Per quanto attiene alla domanda risarcitoria formulata ai sensi dell’art. 96, I comma c.p.c. secondo cui “se risulta che la parte soccombente ha agito o resistito in giudizio con mala fede o colpa grave il giudice su istanza dell’altra parte la condanna, oltre che alle spese, al risarcimento dei danni, che liquida anche d’ufficio nella sentenza”, il Tribunale Estense condivide quell’orientamento della Suprema Corte che, in ossequio al principio dispositivo ed alla stregua dei criteri ordinari di distribuzione sanciti dall’art. 2697 c.c., richiede al soggetto leso la prova del danno derivante dall’illecito compiuto dal danneggiante (cfr.

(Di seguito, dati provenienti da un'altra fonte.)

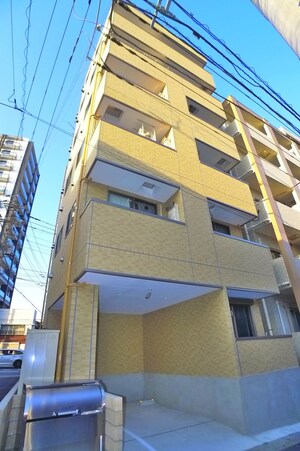 PAUOLE外観写真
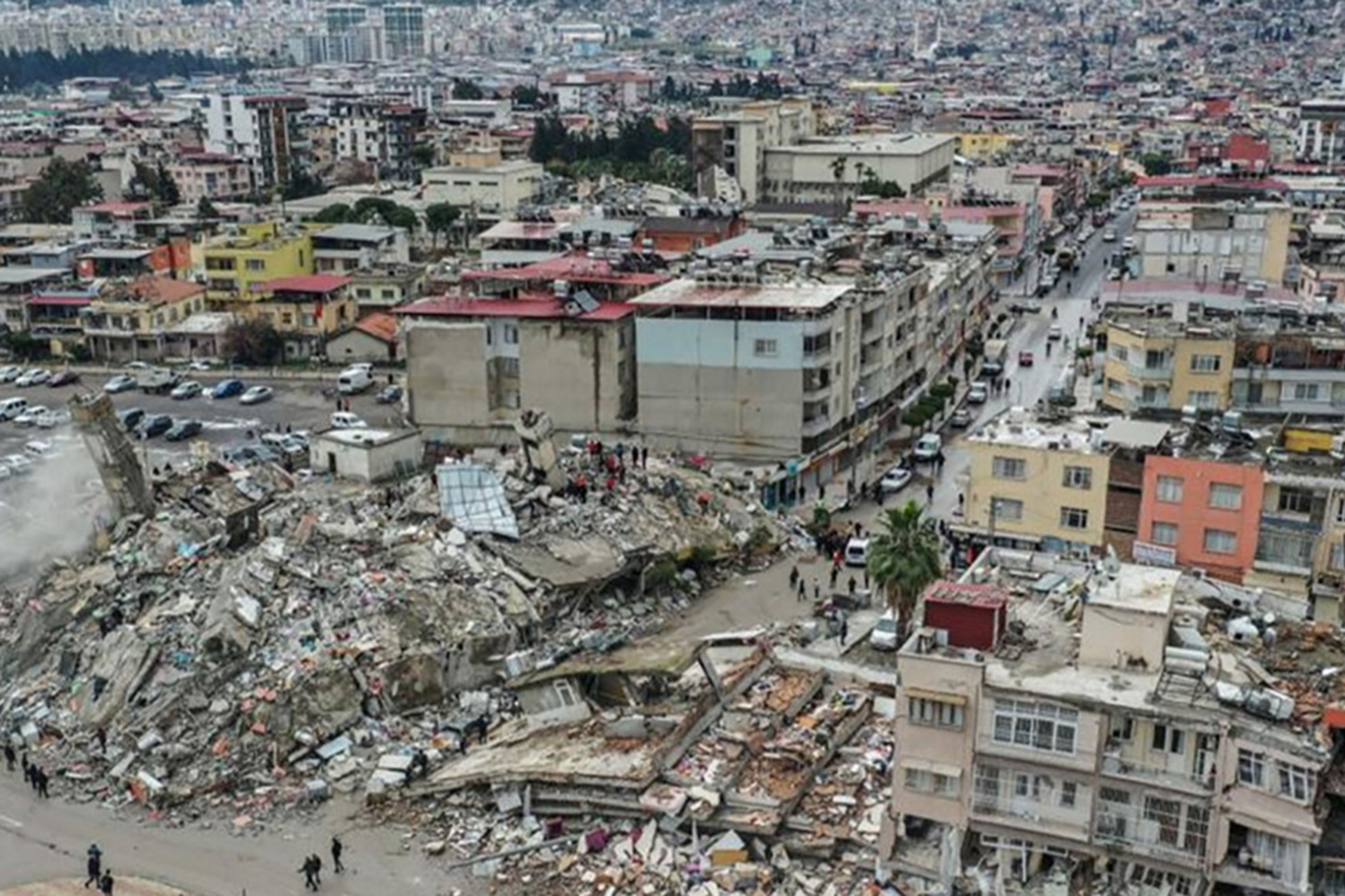 Depremde 24 bin 921 binada yıkım ve ağır hasar belirlendi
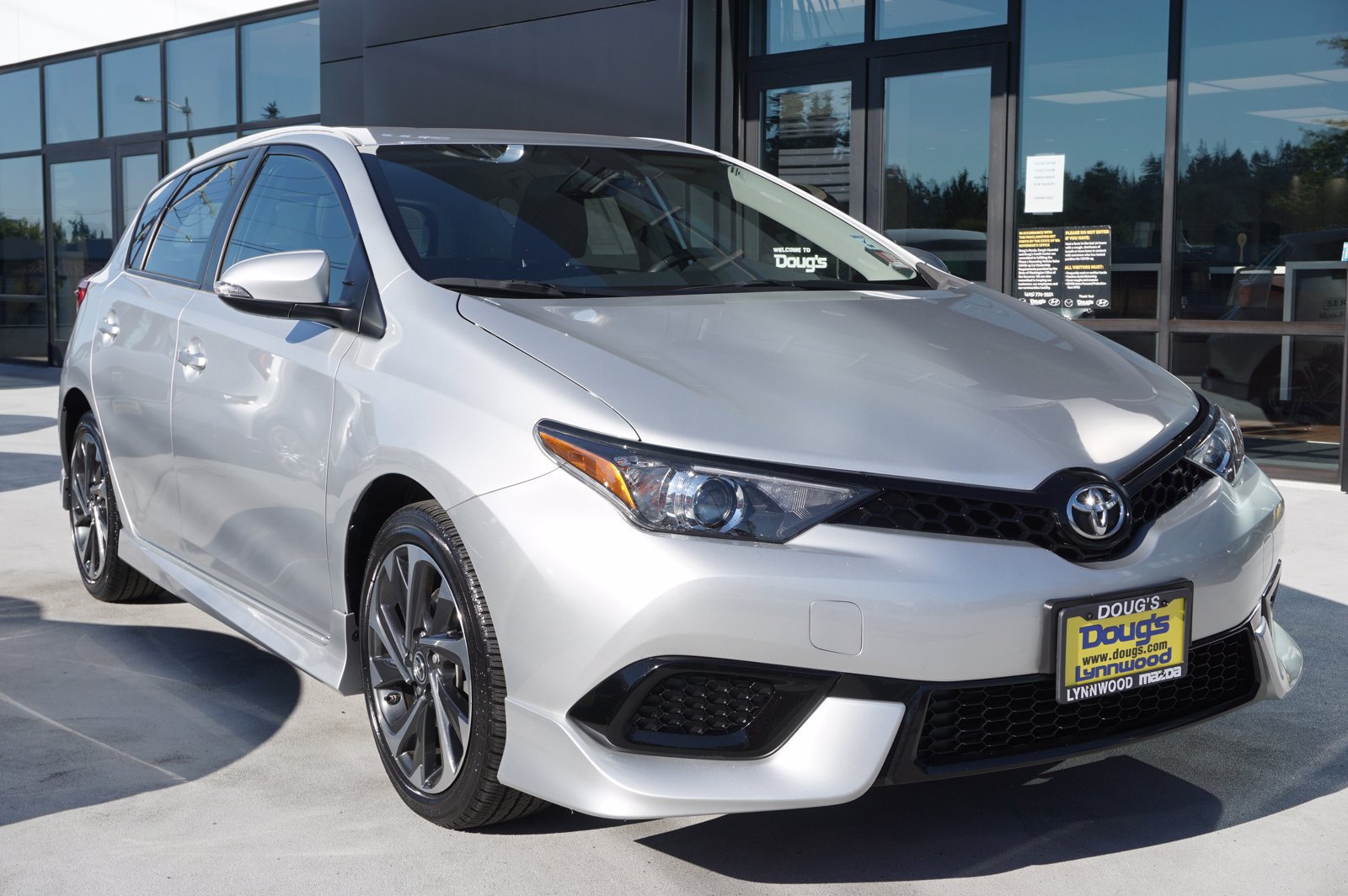 PreOwned 2018 Toyota Corolla iM BASE Hatchback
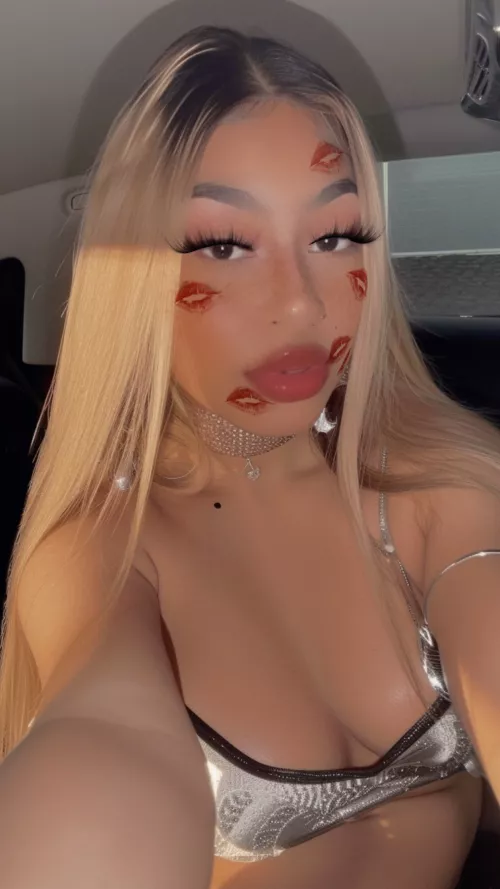 ik what you can play with on valentines babe 😘💖 by DarkPrincessu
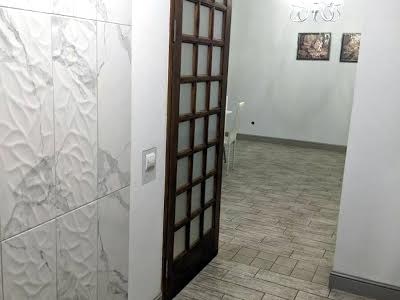 квартира по адресу Драгоманова ул., 2-А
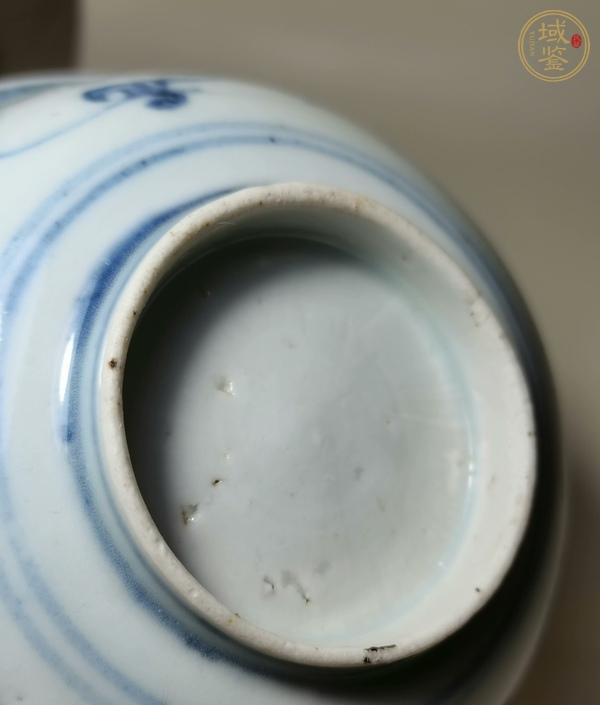 古玩陶瓷青花纏枝花卉紋茶碗真品鑒賞圖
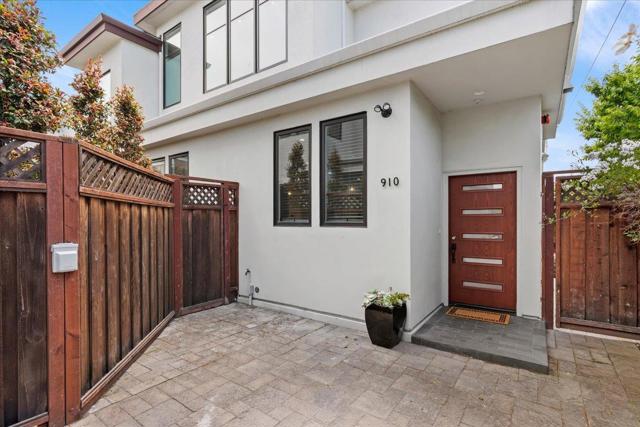 910 Cedar Street, Berkeley CA: https://media.crmls.org/mediaz/92c6bf7f-6d6e-49b4-841b-885636411500.jpg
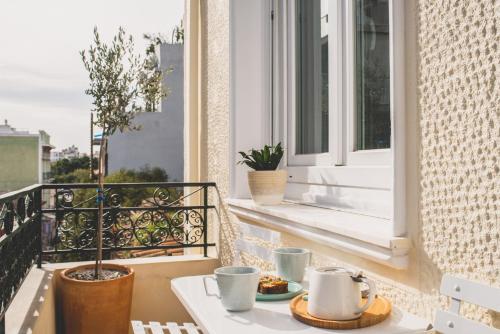 Luxury Apartment with Acropolis View Terrace and Jacuzzi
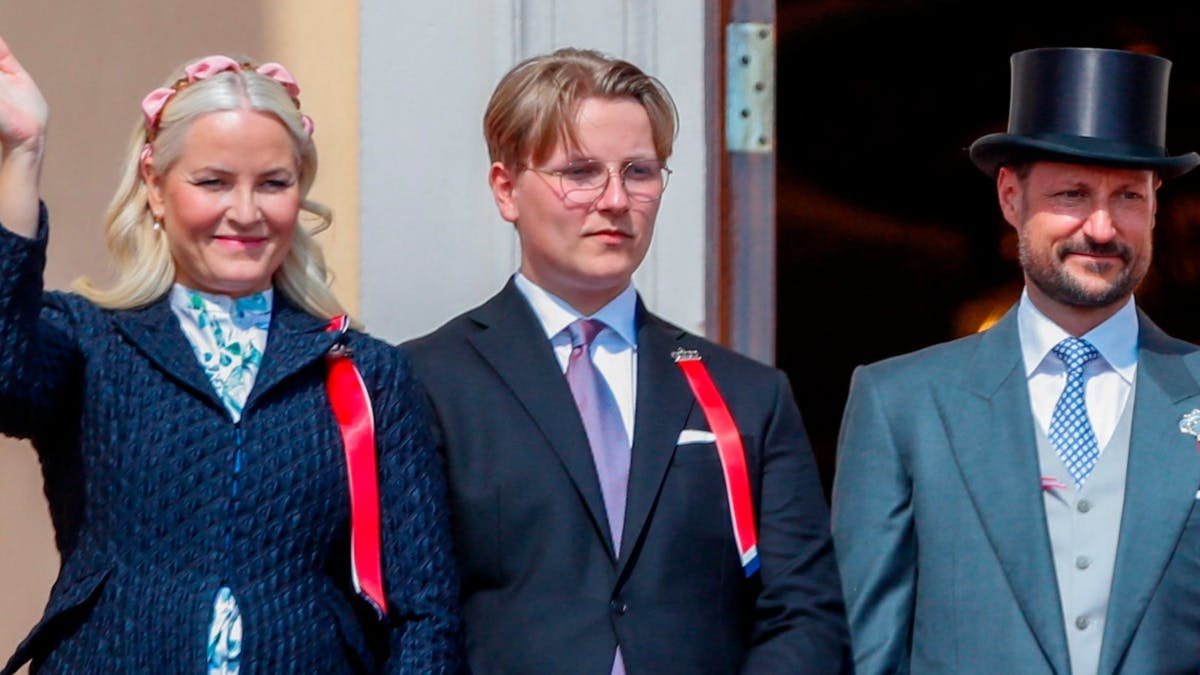 Kronprinsesse Mette-Marit, prins Sverre Magnus og kronprins Haakon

Cass., 9 settembre 2004, n. 18169; Cass., 18 marzo 2002, n. 3941: “(…) la liquidazione di tale danno, ancorché possa effettuarsi anche d’ufficio, postula pur sempre la prova sia dell’an sia del “quantum” o almeno la desumibilità di tali elementi dagli atti di causa”).
Per quanto attiene, invece, alla domandata risarcitoria formulata ai sensi dell’art. 96, III comma c.p.c., secondo cui “in ogni caso, quando pronuncia sulle spese ai sensi dell’art. 91, il giudice, anche d’ufficio, può altresì condannare la parte soccombente al pagamento, a favore della controparte, di una somma equitativamente determinata”, il Tribunale di Ferrara osserva quanto segue.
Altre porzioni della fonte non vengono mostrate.